LIGO is running 8 core tasks using PMC on Stampede, which has 2 sockets with 8 cores each. They would like each task to be bound to a different socket so that the threads can share L3 cache. For PMC this requires us to call sched_setaffinity to bind each task to the right set of cores.

In the long-term we need to have a generic and robust method for scheduling tasks on CPUs that allows for periodic rebalancing to remove fragmentation. That will require us to change the architecture of PMC so that each worker is responsible for an entire node and can schedule the tasks appropriately. In the near term we just need to handle the case where all the tasks require the same number of CPUs.

The near-term solution is for the PMC master to keep track of the mapping of each task to a set of physical cores. The master needs to communicate this to the worker so that the worker can call sched_setaffinity(). In addition, the master needs to be able to identify sockets so that it can try to pack a task onto as few sockets as possible (e.g. we don't want half of the threads on one socket and the other half on another socket if they can all fit on one socket).

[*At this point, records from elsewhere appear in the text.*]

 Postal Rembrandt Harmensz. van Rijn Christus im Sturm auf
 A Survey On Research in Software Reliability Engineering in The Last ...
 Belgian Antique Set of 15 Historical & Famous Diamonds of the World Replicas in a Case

This solution won't work in cases where there is a mixed workload of tasks of different core counts. For example, if we have a mixture of single core tasks and 8 core tasks on an dual socket machine with 8 cores per socket, then if we bind 8 tasks to CPU0, and 1 task to CPU1, then 1 of the tasks on CPU0 finishes, we have 8 cores free, but they are spread across the two CPUs. In that case, if an 8 core task comes along, we need to defragment the allocation by moving the task from CPU1 to the empty core on CPU0, and bind the 8 core task to CPU1. That involves resetting the affinity of running processes, which is not something that the architecture of PMC will allow.

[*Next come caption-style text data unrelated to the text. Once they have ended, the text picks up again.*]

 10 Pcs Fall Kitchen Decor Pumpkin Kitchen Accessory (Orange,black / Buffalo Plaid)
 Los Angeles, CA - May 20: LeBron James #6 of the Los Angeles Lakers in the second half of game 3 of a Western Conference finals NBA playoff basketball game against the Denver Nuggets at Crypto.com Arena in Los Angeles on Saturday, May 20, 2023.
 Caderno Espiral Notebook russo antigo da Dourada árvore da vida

The long-term solution is to change PMC so that there is 1 MPI rank per host, and use threads to schedule multiple tasks. One thread will be responsible for MPI messaging and one thread will respond to requests and launch threads to execute tasks. This is necessary because MPI doesn't provide any descriptors for select() or poll()--basically, we have to dedicate one thread to listening for messages from the master. This is even more complicated for the rank0, which has to act as both a master and a worker. This design will enable us to have a single thread that controls the resources for the entire node, which will enable us to periodically rebalance the scheduling affinity (since that thread will know about all the running tasks, including their PIDs and required number of cores). It will also enable us to implement other things like work stealing.